I agree that if you IGNORED your platform's date and time facilities
and went your own damn way, you could have had problems no matter what
you were on, but I never met any of THAT software! I've avoided bad
ports of other computer's software like the plague!
Keeping away from any computer anyone here might be emotionally
involved with, the Unix computers that run the Internet had no problem,
for example, while many banking systems that ran COBOL on old
mainframes did.
The reason Peak Oil is different than Y2K is that it is not an event.

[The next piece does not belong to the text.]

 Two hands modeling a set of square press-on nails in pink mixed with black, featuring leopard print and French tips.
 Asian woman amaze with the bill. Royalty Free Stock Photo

People everywhere could imagine what midnight on December 31, 1999
might do. They have no idea what slowly going from increasing oil
supply, to flat, to decreasing is going to do. People don't prepare
well for things that happen in nearly imperceptible increments.
OM content regarding perceptible increments: I just taught a unit on
depth of field, and used a sequence of the same scene (near flowers,
far tree), shot with the Zuiko 300/4.5 at f4, f8, f16, and f32. People
really "get it" when they see that sequence!
:::: Some call it vision; some call it temporal lobe epilepsy.